Start of Input data

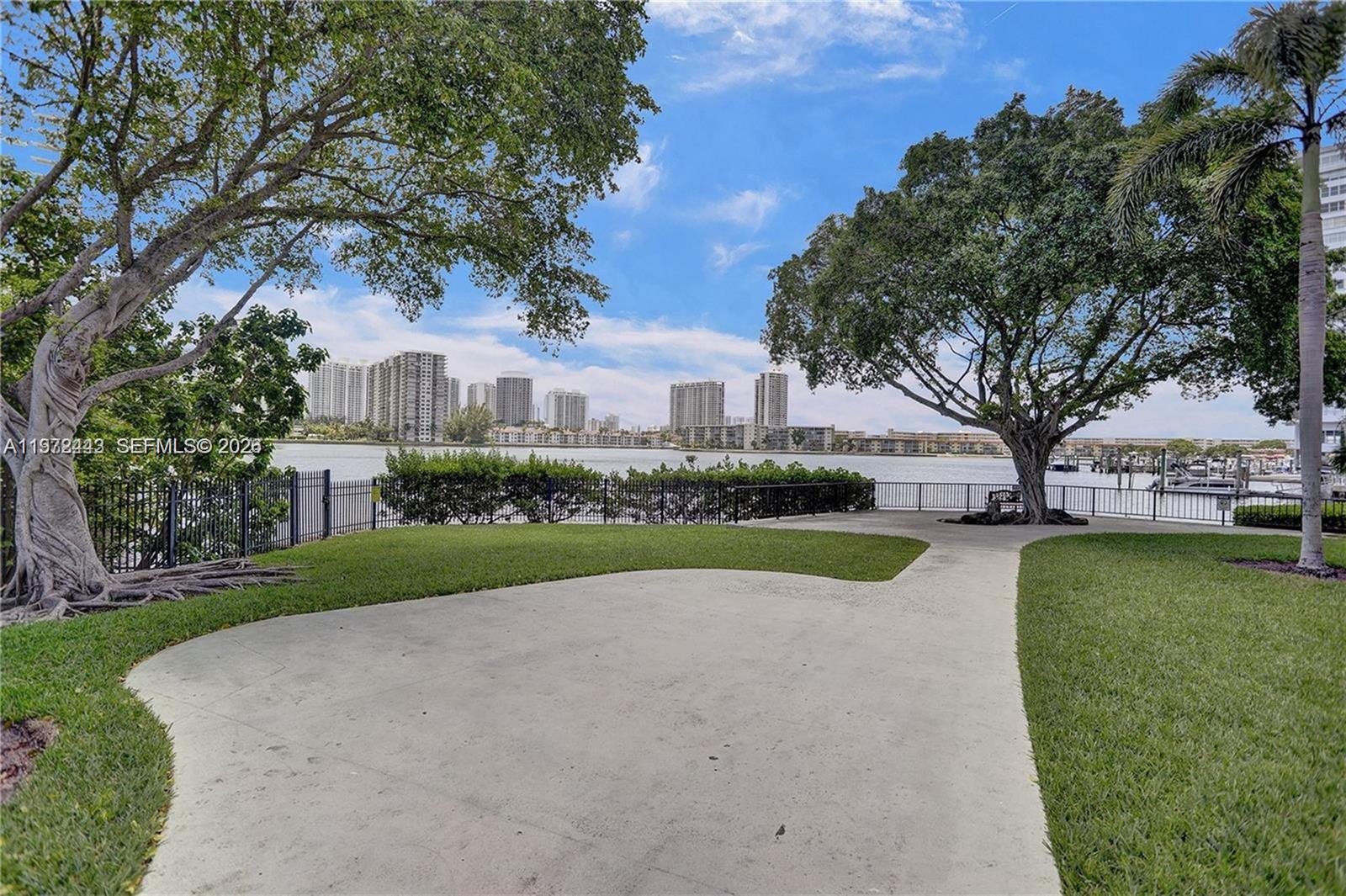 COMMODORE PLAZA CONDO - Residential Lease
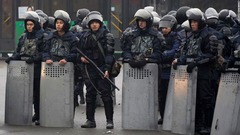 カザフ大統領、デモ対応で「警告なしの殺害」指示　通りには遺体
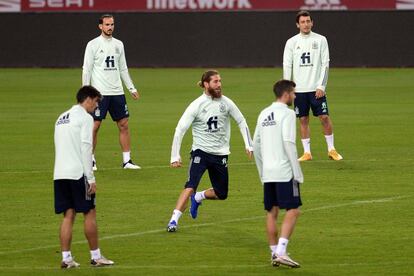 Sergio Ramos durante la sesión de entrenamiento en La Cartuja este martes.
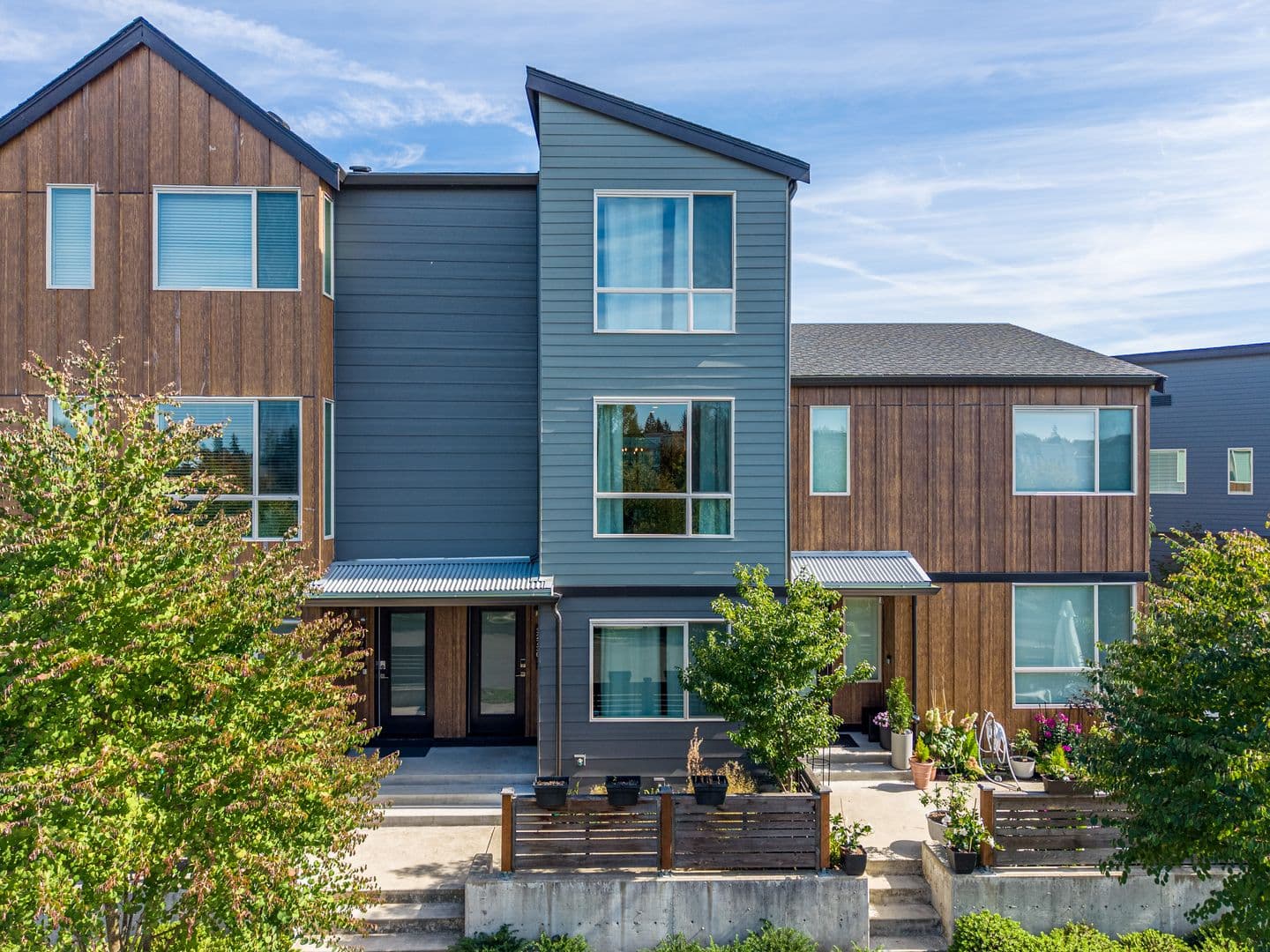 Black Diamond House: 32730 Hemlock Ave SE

End of Input data

__Your task__:
Where a picture appears, skip it and copy the rest of the data word for word.

__Response box__:
 COMMODORE PLAZA CONDO - Residential Lease
 カザフ大統領、デモ対応で「警告なしの殺害」指示　通りには遺体
 Sergio Ramos durante la sesión de entrenamiento en La Cartuja este martes.
 Black Diamond House: 32730 Hemlock Ave SE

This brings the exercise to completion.